- _Work order_
Look below for the line with "ルーミー カスタムG 中古車画像" and the line with "Dacia Sandero"; repeat exactly those two lines and all lines between them, but no pictures.

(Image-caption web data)
+ + + + + + +

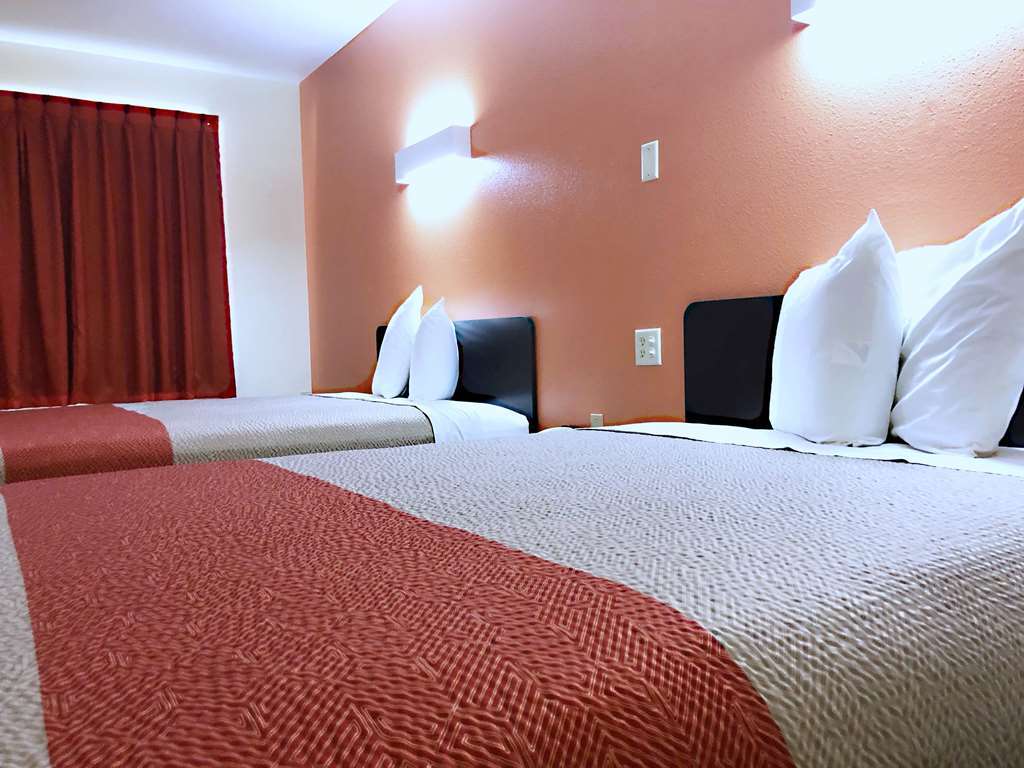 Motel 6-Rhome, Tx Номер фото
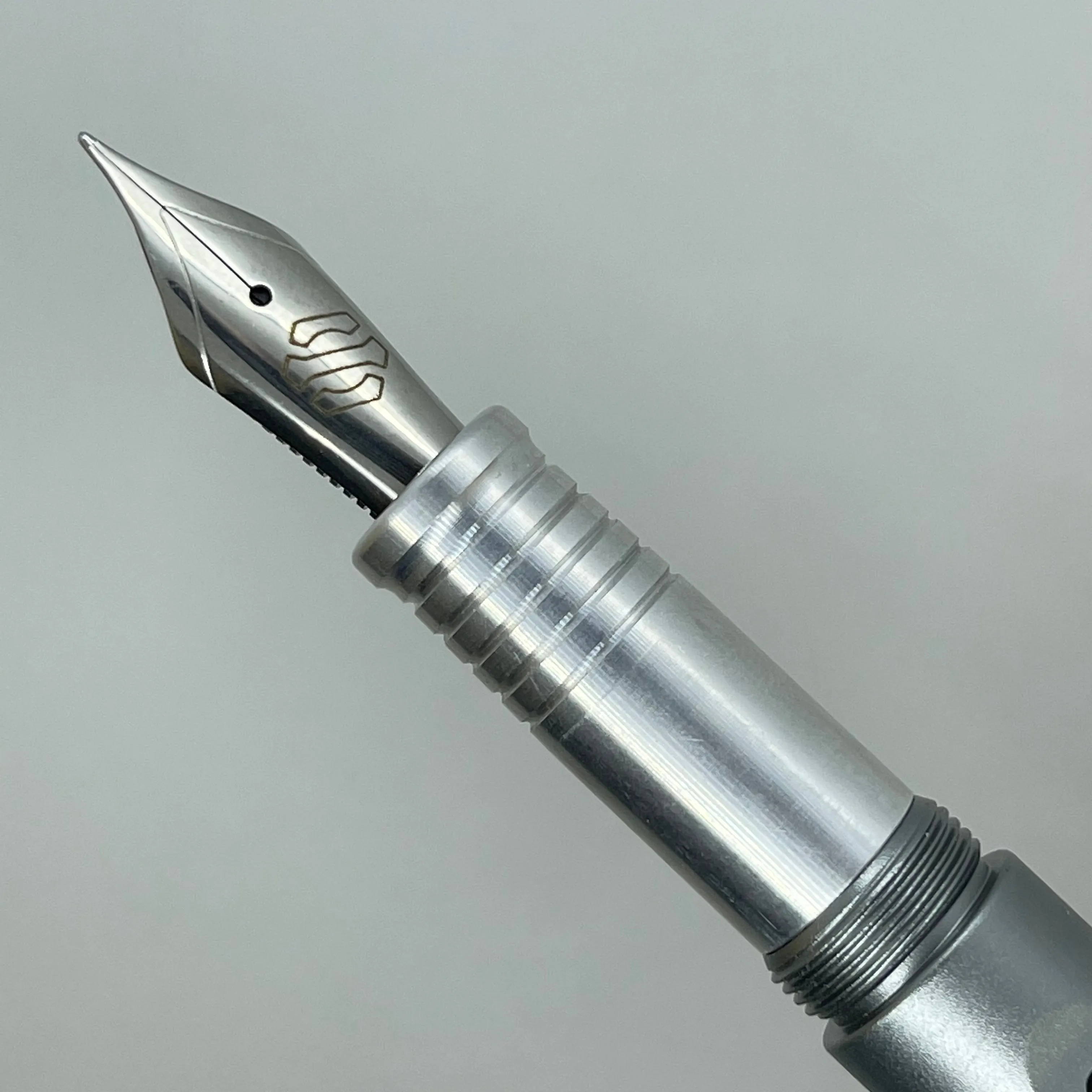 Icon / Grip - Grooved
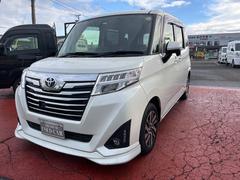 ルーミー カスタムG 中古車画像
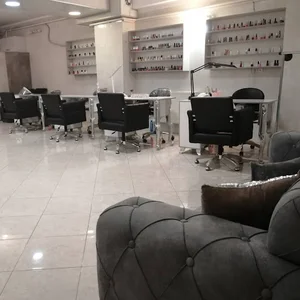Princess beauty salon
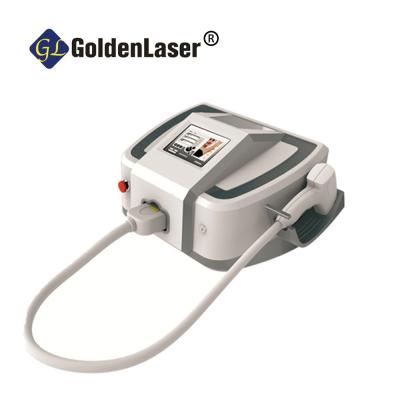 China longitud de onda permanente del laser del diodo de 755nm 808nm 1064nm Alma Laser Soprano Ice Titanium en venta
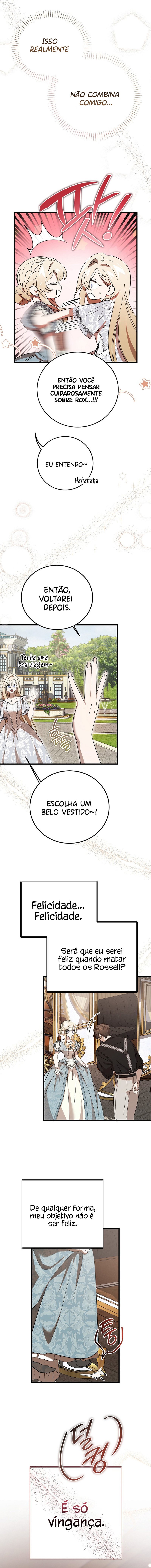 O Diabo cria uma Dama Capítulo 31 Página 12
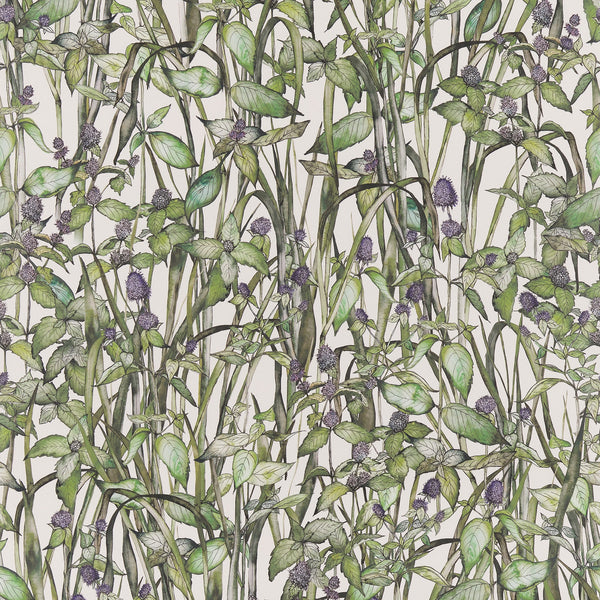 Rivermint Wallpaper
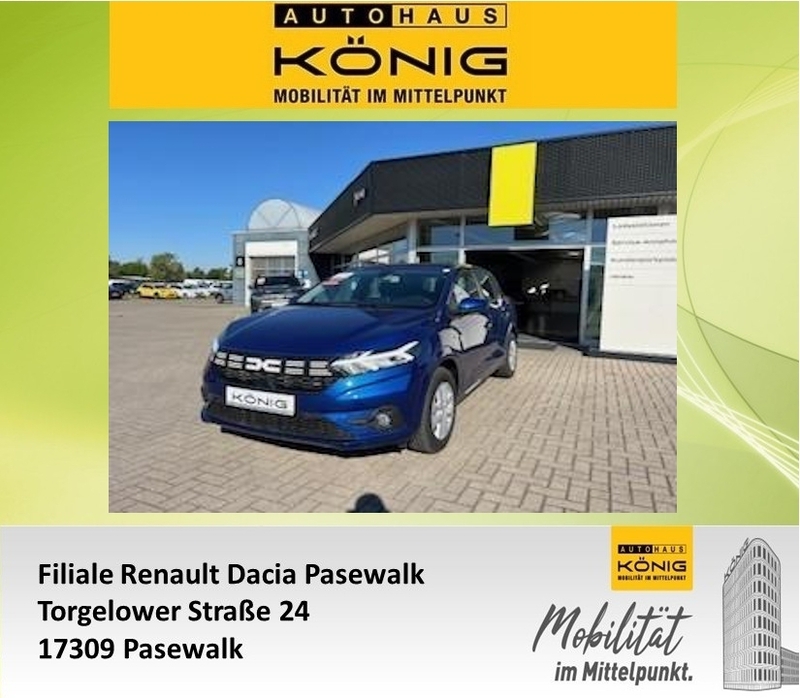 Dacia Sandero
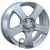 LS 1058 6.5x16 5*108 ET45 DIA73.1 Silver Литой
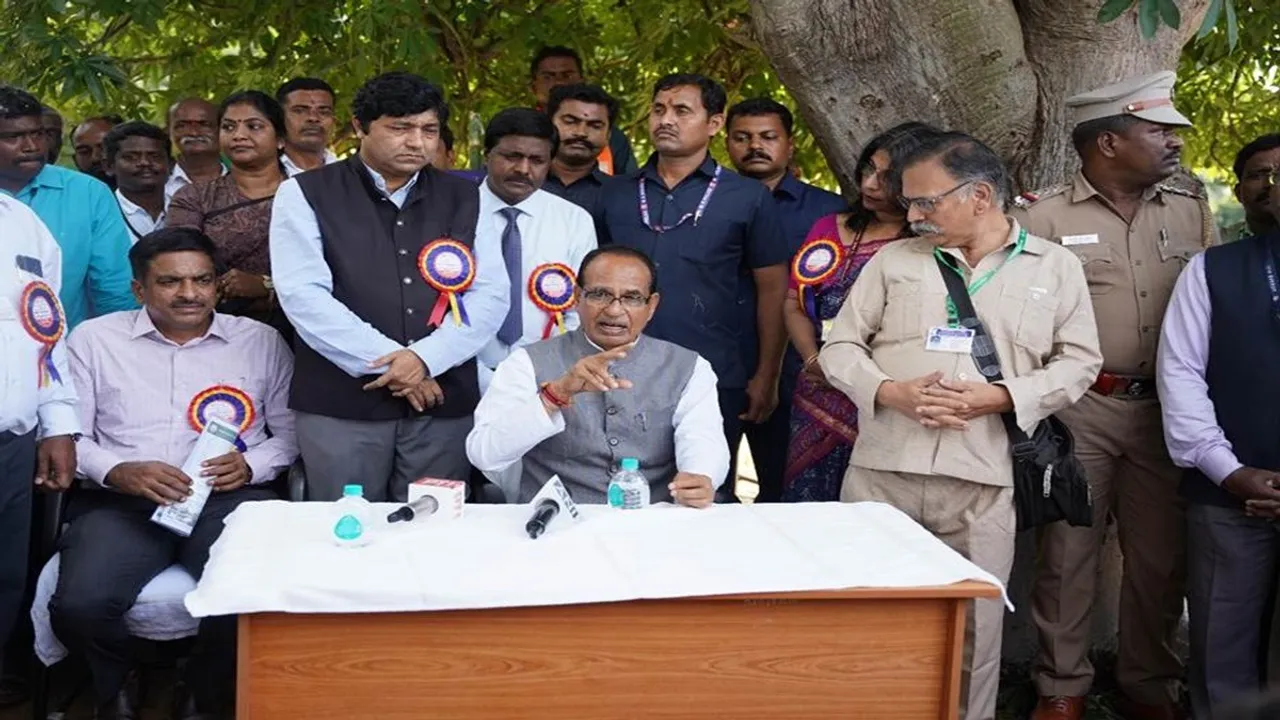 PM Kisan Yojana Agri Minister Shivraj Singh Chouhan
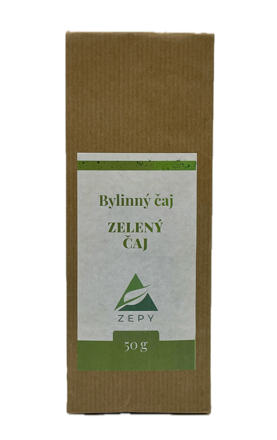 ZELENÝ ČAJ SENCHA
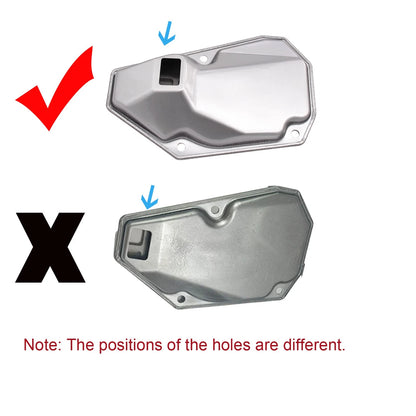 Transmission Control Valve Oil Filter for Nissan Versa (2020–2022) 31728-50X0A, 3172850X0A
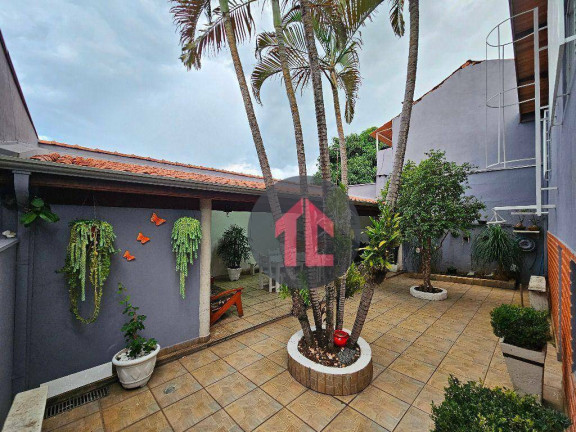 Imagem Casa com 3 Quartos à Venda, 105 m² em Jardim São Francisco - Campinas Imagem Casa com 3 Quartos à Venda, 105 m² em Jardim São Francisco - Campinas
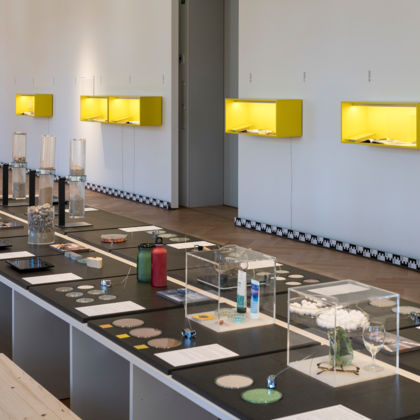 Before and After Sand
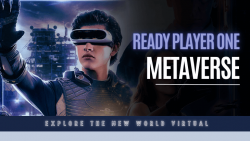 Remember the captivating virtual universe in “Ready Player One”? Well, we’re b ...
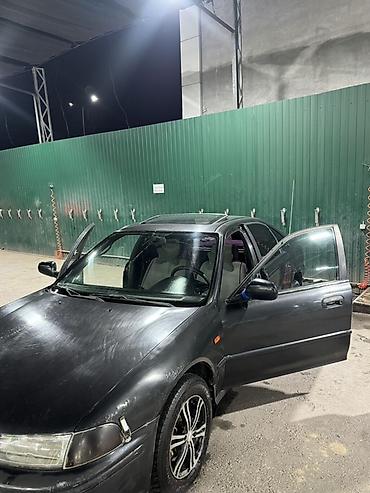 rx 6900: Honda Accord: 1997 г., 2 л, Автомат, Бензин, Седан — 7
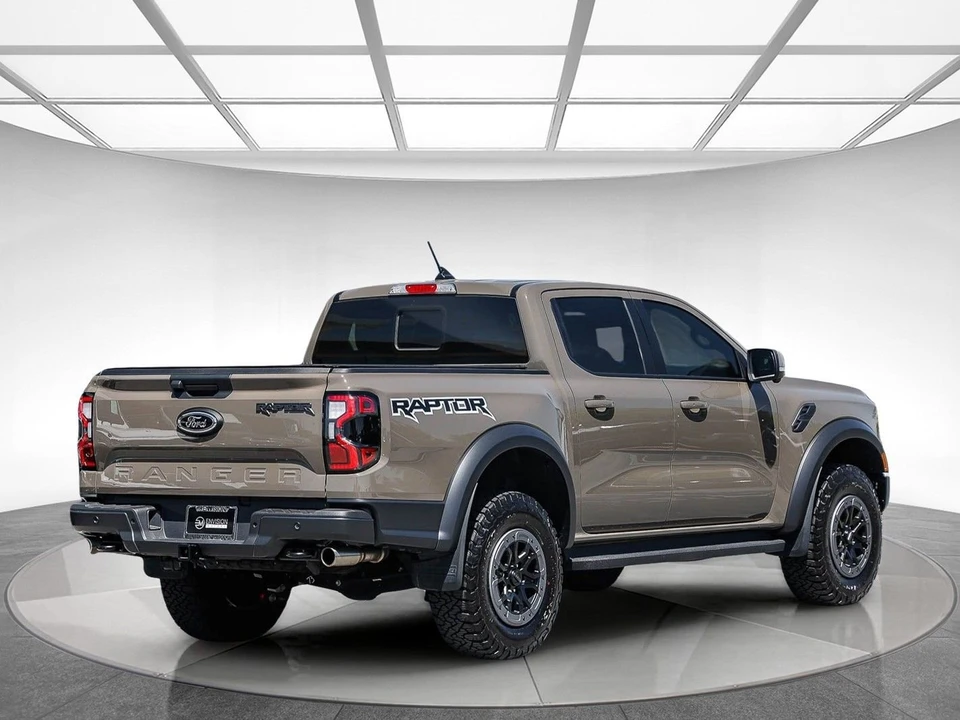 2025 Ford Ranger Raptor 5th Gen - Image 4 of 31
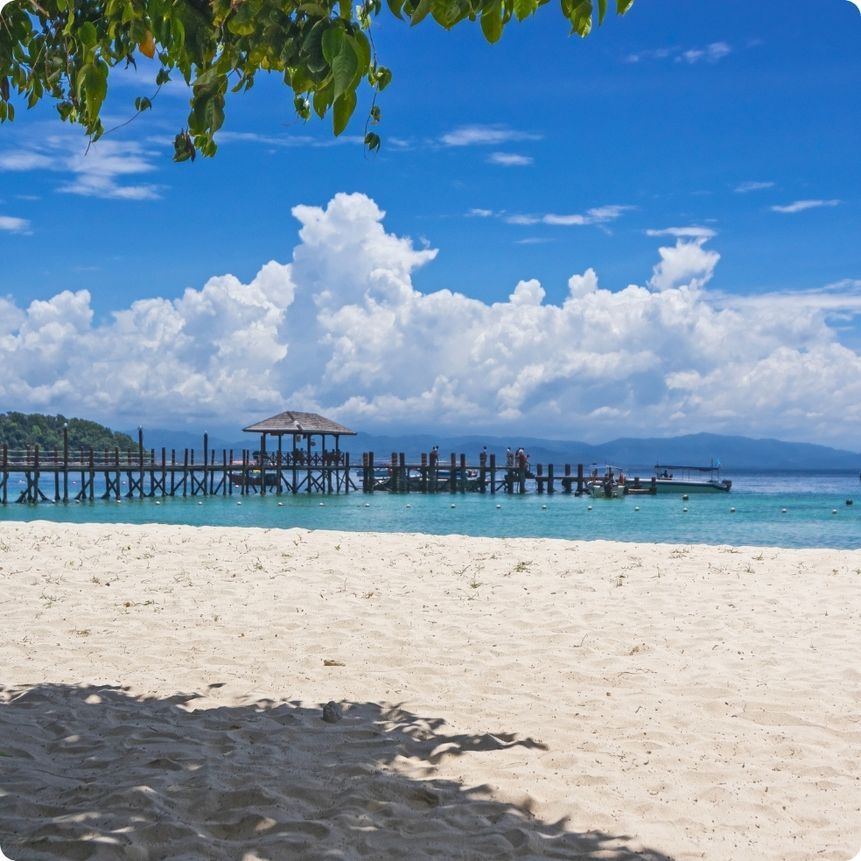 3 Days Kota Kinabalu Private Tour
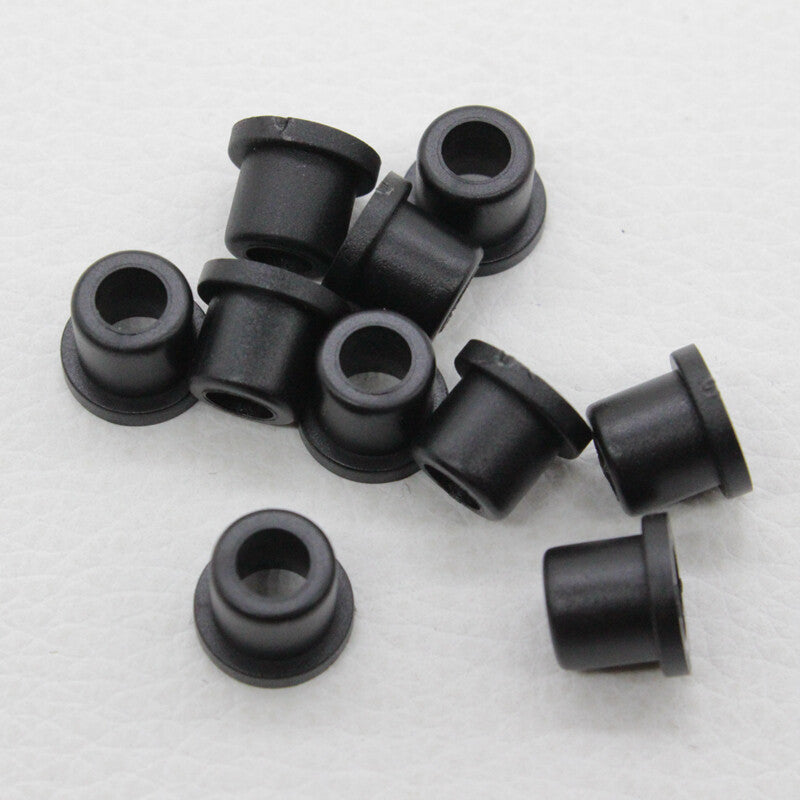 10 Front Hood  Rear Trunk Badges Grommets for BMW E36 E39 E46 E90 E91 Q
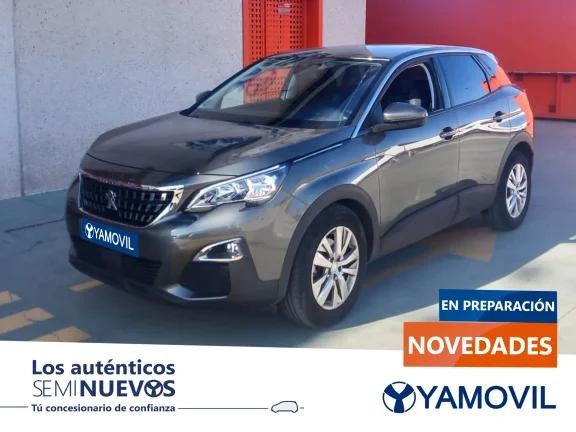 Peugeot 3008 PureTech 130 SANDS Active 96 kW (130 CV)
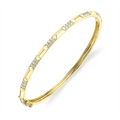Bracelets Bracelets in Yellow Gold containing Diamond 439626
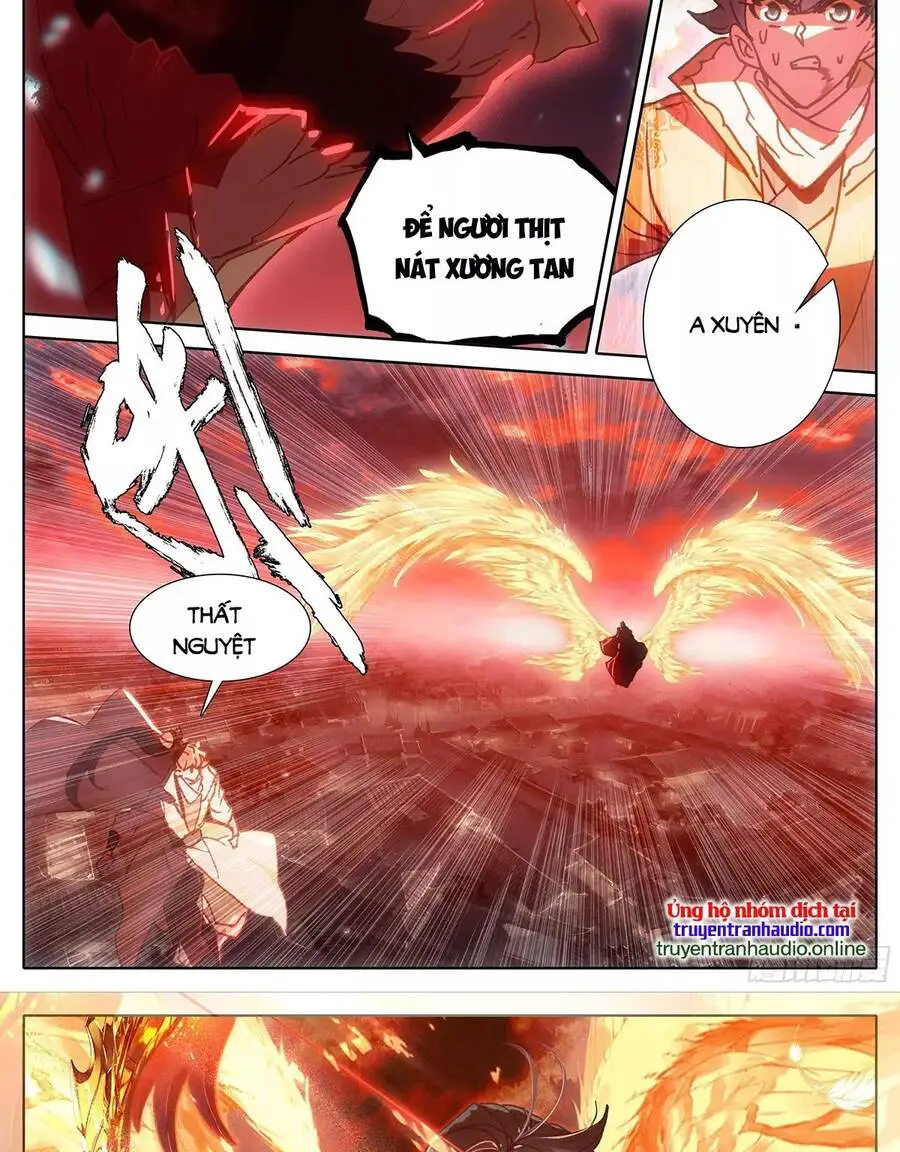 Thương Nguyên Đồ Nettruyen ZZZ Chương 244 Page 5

+ + + + + + +

- _Result_
 ルーミー カスタムG 中古車画像
Princess beauty salon
 China longitud de onda permanente del laser del diodo de 755nm 808nm 1064nm Alma Laser Soprano Ice Titanium en venta
 O Diabo cria uma Dama Capítulo 31 Página 12
 Rivermint Wallpaper
 Dacia Sandero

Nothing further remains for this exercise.